The other day I felt the familiar pangs of plant love at first sight. This has happened often over the years because I have a fickle heart and endless curiosity about beautiful and unfamiliar plants. Most of the time these sudden crushes result in good plant acquisitions. A few have turned out badly, but I can’t dwell on that, because doing so might make me wary about starting the next delightful plant love affair. Sometimes you just have to take risks.
The object of this week’s passion is primulina. This sounds like either a baby primrose or the love child of a primrose and some other, closely related species. It is neither of those things and, in fact, a primulina is not a primrose at all. In the world of familiar plants, it is most closely related to African violets and is a fellow card-carrying member of the gesneriad or Gesneriaceae family.
My new primulina caught my eye when I was looking over a display of African violets at Longwood Gardens, one of the epicenters of the horticultural world. The gift shop there was full of enticing plants, but I wanted to ring in the New Year with something small and easy to manage.
At first glance, I thought the little primulina, nestled in a 2.5 inch pot, was a variegated African violet. Its fuzzy, rounded leaves, adorned with rippling cream striations, looked very violet-like. I didn’t know that the little plant was anything different until I looked at the plant tag, which read “Asian Violet” in large letters and “Primula ‘Loki’” in smaller ones. I was intrigued and decided that the small cost of the little primulina would more than justify the leap of faith that I would take by buying it.
Plant research is almost as much fun as plant cultivation and when I got my primulina home, I delved into its background. The plant tag was correct; primulinas are native to tropical Asia, including parts of China, Indonesia, Vietnam, Sri Lanka and Thailand. While the plants have always been gesneriad family members, they have not been called “primulina” for long. The genus used to go by the name “Chirita”, until plant taxonomists decided that most Chiritas should be transferred to a new species. “Primulina” came into being.
Had I seen my plant, which goes by the varietal name, ‘Loki’, in flower, I would have known that it is no African violet. The flowers, which rise above the leaves on three-inch stems, are elongated and tubular, looking more like streptocarpus flowers than African violet blooms. ‘Loki’ bears blue flowers, but primulina cultivars are available in traditional African violet colors, including shades of blue, blue-purple, purple, pink and yellow or cream. Some are bi-colors, with contrasting throats or markings. Whatever the color, the blooms are graceful and lovely.
African violets and primulina are both beautiful, but gesneriad family experts report that the latter bloom more often. Combine that trait with the fact that the leaf variegation makes them appealing when not in flower, and you have the makings of a commercial winner. Add in ease of care and it would appear that in a few years, the former chiritas will be on every retailer’s African violet shelf.

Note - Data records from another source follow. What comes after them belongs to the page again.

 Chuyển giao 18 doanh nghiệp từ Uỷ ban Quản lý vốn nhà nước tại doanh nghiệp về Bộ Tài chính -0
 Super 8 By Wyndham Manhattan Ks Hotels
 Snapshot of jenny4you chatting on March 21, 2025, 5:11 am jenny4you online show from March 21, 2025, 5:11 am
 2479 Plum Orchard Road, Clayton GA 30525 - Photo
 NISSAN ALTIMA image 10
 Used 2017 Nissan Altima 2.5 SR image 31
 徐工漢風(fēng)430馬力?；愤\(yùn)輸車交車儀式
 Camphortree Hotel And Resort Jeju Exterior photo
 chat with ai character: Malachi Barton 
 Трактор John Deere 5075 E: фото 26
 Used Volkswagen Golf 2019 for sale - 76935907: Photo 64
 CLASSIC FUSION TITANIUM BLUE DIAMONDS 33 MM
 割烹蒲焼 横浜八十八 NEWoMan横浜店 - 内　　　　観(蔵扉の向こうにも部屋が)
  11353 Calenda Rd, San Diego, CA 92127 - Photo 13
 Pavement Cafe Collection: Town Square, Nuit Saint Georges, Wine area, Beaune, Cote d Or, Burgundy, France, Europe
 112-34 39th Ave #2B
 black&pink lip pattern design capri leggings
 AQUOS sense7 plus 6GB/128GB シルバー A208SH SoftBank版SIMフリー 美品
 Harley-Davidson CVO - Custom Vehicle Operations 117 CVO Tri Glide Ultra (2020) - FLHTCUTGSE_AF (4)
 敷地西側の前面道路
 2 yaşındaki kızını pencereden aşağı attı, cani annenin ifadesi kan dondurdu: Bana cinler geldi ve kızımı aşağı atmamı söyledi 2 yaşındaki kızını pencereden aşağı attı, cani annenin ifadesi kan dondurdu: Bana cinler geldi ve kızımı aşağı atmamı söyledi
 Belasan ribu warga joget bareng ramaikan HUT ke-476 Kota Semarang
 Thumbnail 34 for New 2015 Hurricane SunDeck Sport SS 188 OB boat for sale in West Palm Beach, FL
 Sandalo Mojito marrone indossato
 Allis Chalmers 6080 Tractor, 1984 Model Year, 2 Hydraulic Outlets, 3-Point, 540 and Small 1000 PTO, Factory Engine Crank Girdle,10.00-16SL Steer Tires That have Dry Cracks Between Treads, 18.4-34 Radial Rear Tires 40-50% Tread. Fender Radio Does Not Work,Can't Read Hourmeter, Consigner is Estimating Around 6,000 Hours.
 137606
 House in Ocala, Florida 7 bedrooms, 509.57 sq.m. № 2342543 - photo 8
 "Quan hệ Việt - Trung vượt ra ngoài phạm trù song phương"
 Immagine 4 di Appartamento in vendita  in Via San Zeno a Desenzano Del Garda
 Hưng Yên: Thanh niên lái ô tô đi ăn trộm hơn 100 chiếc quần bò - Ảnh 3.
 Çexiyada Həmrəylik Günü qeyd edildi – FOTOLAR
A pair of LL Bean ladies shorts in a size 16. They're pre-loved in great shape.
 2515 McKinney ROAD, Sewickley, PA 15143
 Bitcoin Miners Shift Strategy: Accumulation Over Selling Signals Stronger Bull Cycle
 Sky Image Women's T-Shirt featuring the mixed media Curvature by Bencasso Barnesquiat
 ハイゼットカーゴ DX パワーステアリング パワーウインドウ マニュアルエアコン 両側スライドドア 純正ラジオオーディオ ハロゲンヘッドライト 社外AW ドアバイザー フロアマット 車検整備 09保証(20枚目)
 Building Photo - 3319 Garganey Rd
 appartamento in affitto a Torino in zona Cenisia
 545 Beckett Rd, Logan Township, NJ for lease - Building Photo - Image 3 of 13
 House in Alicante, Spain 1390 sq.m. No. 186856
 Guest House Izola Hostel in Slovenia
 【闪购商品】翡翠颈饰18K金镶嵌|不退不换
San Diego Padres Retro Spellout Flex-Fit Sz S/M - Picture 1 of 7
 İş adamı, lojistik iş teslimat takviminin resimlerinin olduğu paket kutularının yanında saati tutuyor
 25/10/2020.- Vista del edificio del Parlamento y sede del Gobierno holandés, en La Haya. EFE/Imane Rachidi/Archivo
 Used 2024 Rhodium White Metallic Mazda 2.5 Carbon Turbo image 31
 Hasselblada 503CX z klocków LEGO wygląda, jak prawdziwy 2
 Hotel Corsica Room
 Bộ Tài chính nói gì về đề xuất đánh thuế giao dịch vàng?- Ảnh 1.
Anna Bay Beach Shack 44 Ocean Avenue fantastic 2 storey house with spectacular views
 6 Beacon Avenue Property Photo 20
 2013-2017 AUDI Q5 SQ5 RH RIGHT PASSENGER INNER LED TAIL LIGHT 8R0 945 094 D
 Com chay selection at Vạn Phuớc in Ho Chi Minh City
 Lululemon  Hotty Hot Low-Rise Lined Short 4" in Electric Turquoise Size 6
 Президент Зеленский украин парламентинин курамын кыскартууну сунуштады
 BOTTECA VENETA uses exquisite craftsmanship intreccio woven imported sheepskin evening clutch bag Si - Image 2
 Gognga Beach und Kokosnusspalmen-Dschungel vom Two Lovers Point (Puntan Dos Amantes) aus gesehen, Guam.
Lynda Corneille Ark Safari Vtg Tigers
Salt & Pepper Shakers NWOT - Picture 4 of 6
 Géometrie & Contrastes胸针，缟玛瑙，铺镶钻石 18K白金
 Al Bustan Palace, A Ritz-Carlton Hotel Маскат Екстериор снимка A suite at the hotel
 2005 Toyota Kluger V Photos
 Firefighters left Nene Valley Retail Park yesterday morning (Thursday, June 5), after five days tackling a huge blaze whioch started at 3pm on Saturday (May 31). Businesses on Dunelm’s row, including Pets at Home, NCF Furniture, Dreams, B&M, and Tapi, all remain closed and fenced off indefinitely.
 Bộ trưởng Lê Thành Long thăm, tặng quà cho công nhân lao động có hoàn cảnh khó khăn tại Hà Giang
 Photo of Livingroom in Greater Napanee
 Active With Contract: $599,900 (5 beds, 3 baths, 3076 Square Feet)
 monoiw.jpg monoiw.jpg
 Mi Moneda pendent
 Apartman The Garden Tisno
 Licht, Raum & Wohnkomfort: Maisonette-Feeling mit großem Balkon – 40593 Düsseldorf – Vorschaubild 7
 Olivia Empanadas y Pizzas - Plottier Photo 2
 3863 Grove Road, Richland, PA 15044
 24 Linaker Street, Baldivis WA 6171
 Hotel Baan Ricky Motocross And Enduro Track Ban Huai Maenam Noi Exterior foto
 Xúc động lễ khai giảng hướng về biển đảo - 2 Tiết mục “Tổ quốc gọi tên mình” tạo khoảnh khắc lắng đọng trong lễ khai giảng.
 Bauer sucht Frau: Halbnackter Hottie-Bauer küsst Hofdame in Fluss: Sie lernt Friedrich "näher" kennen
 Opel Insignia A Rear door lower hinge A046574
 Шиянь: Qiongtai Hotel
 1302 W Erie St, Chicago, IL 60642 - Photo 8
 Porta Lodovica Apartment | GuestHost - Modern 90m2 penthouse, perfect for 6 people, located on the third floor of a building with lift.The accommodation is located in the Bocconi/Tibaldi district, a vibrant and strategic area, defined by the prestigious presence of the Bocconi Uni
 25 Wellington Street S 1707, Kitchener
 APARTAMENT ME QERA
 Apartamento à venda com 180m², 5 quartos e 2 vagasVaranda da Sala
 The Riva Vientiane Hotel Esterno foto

‘Loki’ is a hybrid plant, as are many of the primulinas on the market. Depending on the parent plants’ traits, primulina leaves may be rounded or elongated. My daughter, who was bitten by the same plant-acquisition bug as I, purchased, ‘Rachel’, a variety with purple flowers and long, lance-shaped leaves. Some plants feature unadorned green foliage, but most of the commercially available hybrids bear the characteristic variegation.
Until primulinas become horticultural superstars, they will travel in the company of African violets. My plant and many other popular varieties were hybridized by Peter Shalit, a former president of the Gesneriad Society, the interest group for lovers of African violets, streptocarpus, gloxinia and related species. A look at several retailers’ websites suggests that Shalit is responsible for a number of very attractive hybrids.
If you can keep an African violet alive, you can provide the kind of enlightened neglect that will result in thriving primulina. The plants prefer bright, indirect light. Restrain yourself when watering and wait until the top of the soil is somewhat dry to the touch. Try not to get water on the leaves. Overwatering will cause crown rot, just as it does with African violets. Feed your primulina with a diluted fertilizer recommended for African violets. If you want to propagate a desirable plant, pluck off a leaf and insert the petiole or stem end in moistened potting medium. Water sparingly as needed, and in a month or so, a new plantlet will form.
Young primulinas, like mine, may take up to a year to flower, but be patient, the wait is worthwhile and the foliage is entrancing. In the meantime, install your primulina in a small container, dish garden or terrarium and pat yourself on the back for being the first in your neighborhood to own one.